■ About this task:
All lines at and after the one containing "Tech inspired geometric", up to the end of the listing below, are to be printed exactly, with the pictures omitted.
*** Begin section ***
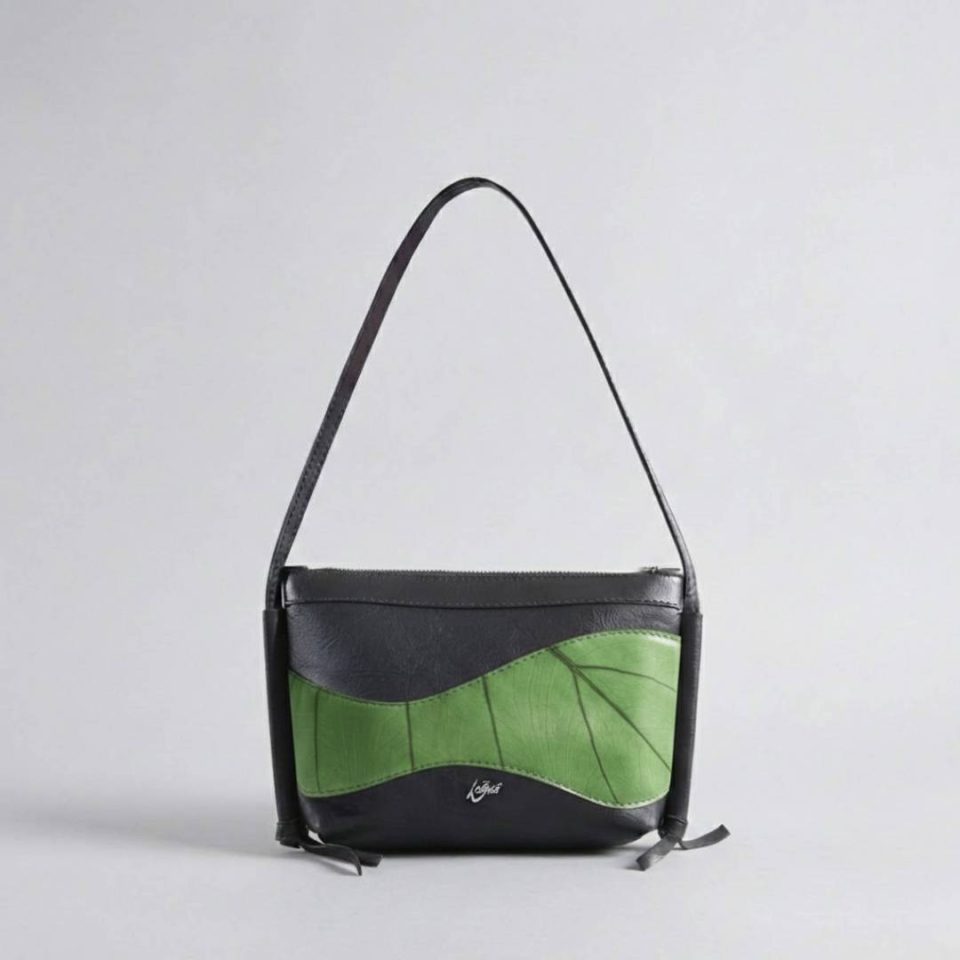 Mika Beleaf Leaf Leather Bag - Green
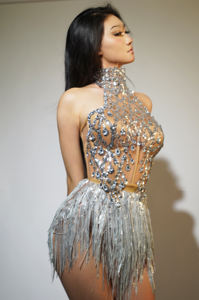 Conjunto de 2 piezas de falda con borlas y corsé de diamantes de imitación de lentejuelas para mujer, puesta en escena, Gogo Dancer Wear Show Club, <span class=keywords><strong>disfraz</strong></span> de <span class=keywords><strong>fiesta</strong></span> de Carnaval - Product Image 3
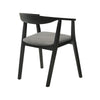 Alana Dining Chair Set of 2 | Black Wood Frame | Charcoal Gray Fabric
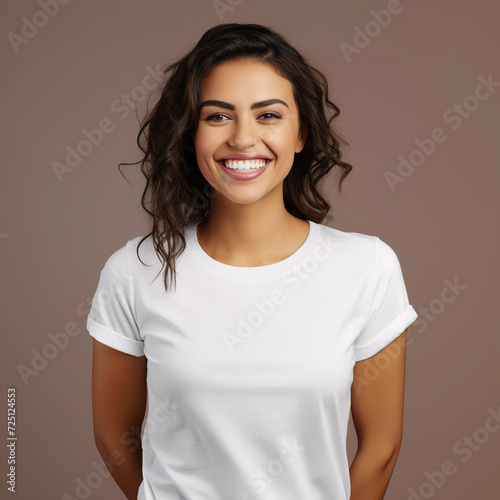 Mockup. Smiling Latina Women in White T-Shirt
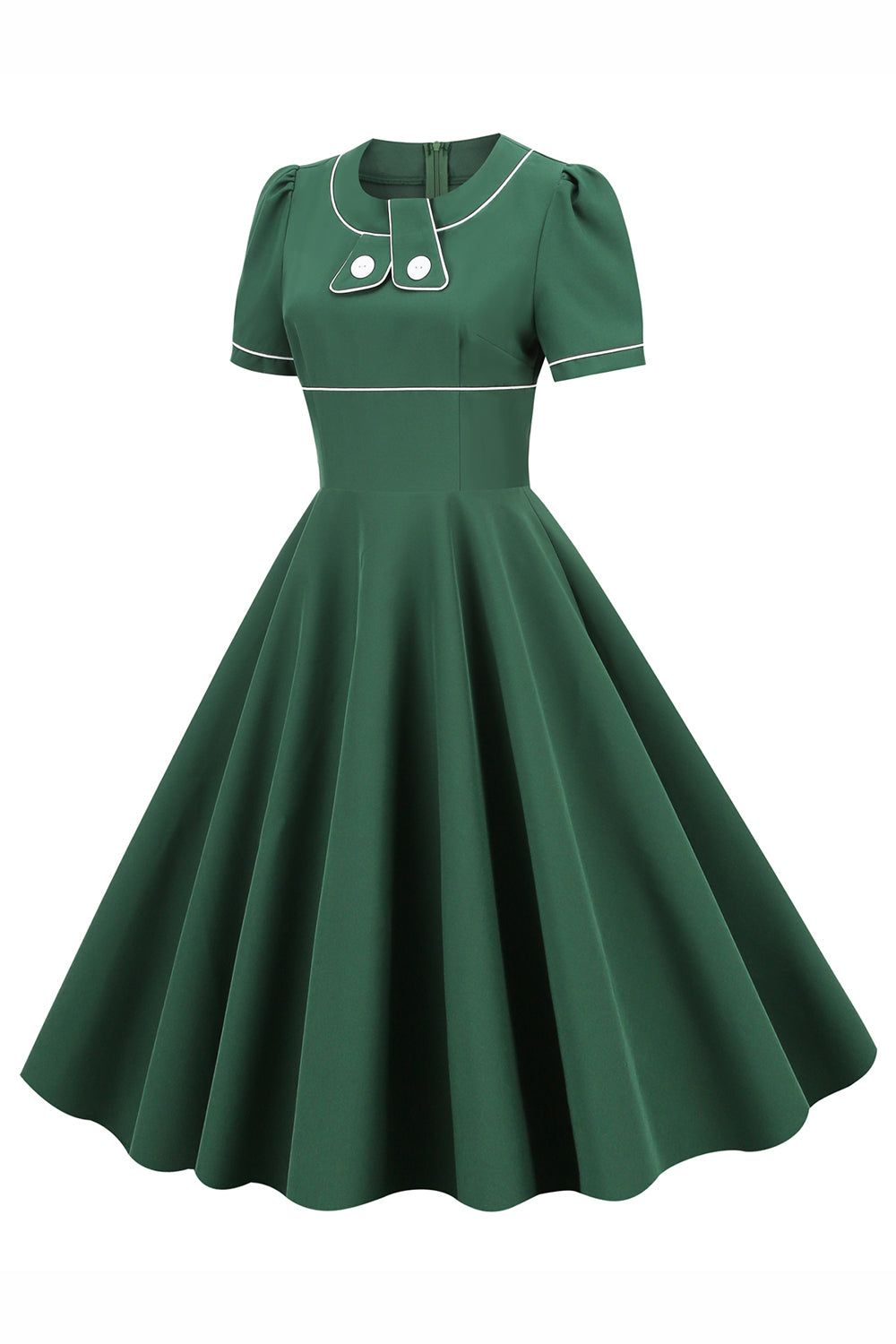 Green A-line Solid Swing 1950s Dress sold by Zapaka product image thumbnail 3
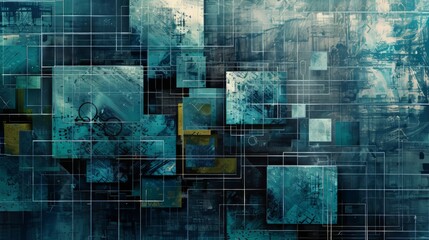 Tech inspired geometric grid layout with metallic textures and digital effects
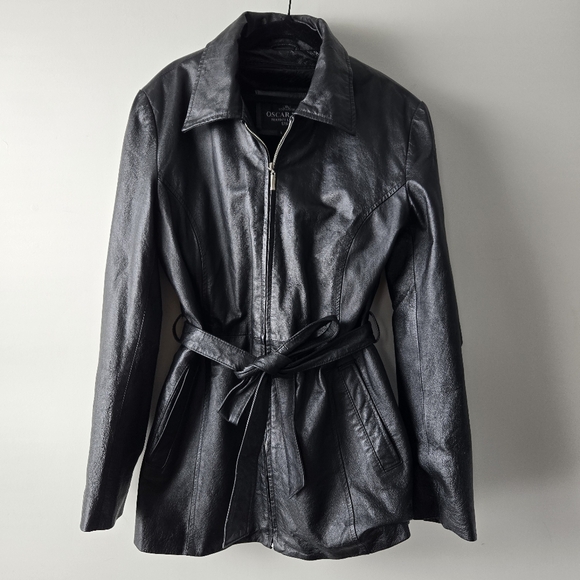 Oscar Piel Women's Belted Leather Short Trench Coat Size Large - Picture 3 of 16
*** End section ***
■ Output:
 Tech inspired geometric grid layout with metallic textures and digital effects
 Oscar Piel Women's Belted Leather Short Trench Coat Size Large - Picture 3 of 16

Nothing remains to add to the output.